Overview. MISC 3Q21 core profit declined 33% qoq mainly due to the absence of the one-off gain from contract renegotiation in Petroleum segment. Revenue, however, still grew by 14% contributed by new operating VLEC vessels as well as construction progress of Mero 3 FPSO (offshore segment) and Kasawari CPP projects (heavy engineering segment). On yoy basis, 9MFY21 core profit declined by 13%, dragged by weak Petroleum segment as tanker rate was impacted by OPEC+ production cut.

Key highlights. MISC chartered-in 2 aframaxes in the quarter (i.e. Pacific Ruby and Nave Atropos). This increased the number of operated Petroleum vessels to 61 (2Q21: 59). Meanwhile, its spot vessels rose to 32% (2Q21: 28%) in the portfolio mix due to less volume from its lightering services offered in the US Gulf.
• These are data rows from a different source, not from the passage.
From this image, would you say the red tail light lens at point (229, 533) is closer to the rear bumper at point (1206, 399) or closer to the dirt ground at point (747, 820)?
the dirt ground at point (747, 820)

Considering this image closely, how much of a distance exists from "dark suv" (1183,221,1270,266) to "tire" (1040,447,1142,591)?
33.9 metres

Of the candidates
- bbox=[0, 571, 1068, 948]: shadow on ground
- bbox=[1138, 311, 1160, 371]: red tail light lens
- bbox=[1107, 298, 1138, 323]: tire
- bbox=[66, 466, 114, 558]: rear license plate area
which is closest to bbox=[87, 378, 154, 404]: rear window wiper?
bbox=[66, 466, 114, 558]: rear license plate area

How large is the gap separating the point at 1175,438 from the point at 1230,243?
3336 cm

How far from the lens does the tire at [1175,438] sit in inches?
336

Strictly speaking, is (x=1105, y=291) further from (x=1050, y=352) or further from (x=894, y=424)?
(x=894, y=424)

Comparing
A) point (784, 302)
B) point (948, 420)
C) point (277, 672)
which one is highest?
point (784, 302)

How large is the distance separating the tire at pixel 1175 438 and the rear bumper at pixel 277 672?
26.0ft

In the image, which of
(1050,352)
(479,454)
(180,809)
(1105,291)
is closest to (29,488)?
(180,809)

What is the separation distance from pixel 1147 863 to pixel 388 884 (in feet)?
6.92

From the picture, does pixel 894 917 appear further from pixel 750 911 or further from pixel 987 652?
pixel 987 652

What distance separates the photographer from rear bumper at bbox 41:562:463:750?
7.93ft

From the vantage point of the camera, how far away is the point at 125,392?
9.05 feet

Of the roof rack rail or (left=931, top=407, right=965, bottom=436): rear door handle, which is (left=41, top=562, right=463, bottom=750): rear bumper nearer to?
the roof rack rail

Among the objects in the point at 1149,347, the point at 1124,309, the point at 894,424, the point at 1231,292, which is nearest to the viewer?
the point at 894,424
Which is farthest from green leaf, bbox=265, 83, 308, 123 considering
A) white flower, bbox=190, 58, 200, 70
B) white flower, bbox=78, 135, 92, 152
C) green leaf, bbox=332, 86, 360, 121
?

Against estimates: Inline. 9MFY21 core profit was within our estimate at 73% but ahead of consensus’ at 84%.

Dividend. A 3 rd interim DPS of 7 sen was declared which is similar to 3Q20 DPS. This brings total 9M21 DPS to 21 sen which implies a payout ratio of 64%.

Outlook. Tanker rate is expected to continue to improve on the back of stronger oil demand as vaccination in emerging markets catch up with developed nations. Earnings will also be supported by delivery of 13 new vessels (6 DPSTs, 5 VLCCs and 2 LNG carriers) up until 2023.

Our call. Maintain our BUY call on MISC with unchanged SOP-derived TP of RM8.10 (see Table 3). We favour MISC due to (i) proxy for growth in frontier oil and gas development projects through FPSO projects, (ii) recurring income from its asset-leasing business model and (iii) above-market dividend yield of c.5%.